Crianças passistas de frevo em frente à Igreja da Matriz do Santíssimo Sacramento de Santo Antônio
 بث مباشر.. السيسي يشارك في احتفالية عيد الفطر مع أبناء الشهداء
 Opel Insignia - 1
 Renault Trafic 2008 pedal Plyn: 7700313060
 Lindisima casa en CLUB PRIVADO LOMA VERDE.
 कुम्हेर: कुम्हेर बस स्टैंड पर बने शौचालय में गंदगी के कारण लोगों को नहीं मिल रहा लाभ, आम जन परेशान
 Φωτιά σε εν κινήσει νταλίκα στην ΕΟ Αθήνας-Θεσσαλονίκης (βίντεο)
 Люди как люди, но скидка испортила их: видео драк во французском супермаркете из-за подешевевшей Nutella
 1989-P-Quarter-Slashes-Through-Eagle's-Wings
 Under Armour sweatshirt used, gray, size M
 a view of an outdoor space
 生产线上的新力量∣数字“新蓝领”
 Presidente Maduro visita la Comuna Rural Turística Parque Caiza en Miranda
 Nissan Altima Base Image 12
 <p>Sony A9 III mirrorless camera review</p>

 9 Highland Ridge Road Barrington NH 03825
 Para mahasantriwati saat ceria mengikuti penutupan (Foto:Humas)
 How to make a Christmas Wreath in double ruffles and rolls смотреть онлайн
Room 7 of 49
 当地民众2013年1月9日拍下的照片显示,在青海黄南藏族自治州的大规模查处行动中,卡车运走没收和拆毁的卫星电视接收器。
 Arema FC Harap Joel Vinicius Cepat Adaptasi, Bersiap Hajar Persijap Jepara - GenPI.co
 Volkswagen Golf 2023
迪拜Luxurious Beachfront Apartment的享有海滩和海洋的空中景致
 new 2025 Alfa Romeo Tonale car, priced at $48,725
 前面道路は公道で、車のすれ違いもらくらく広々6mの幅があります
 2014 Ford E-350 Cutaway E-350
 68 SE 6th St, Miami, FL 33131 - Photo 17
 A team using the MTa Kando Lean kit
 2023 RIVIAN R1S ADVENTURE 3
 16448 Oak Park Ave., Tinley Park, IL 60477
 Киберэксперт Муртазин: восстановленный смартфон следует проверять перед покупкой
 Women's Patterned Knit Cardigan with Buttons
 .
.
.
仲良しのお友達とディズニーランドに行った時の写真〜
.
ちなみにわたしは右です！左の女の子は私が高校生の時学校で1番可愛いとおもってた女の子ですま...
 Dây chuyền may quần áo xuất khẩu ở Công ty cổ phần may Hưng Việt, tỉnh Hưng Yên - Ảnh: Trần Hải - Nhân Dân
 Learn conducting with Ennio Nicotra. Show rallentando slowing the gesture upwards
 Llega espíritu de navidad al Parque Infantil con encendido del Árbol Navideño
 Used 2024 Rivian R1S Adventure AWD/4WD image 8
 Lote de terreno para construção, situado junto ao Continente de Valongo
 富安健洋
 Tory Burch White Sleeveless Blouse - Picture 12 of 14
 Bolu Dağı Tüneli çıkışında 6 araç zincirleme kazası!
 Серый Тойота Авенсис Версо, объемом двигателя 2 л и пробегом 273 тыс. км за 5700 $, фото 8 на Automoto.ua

........

◆ Task brief ◆
An exact copy of the lines from the one containing "Lote de terreno" through the end of the data above is the whole answer.

◆ Output ◆
 Lote de terreno para construção, situado junto ao Continente de Valongo
 富安健洋
 Tory Burch White Sleeveless Blouse - Picture 12 of 14
 Bolu Dağı Tüneli çıkışında 6 araç zincirleme kazası!
 Серый Тойота Авенсис Версо, объемом двигателя 2 л и пробегом 273 тыс. км за 5700 $, фото 8 на Automoto.ua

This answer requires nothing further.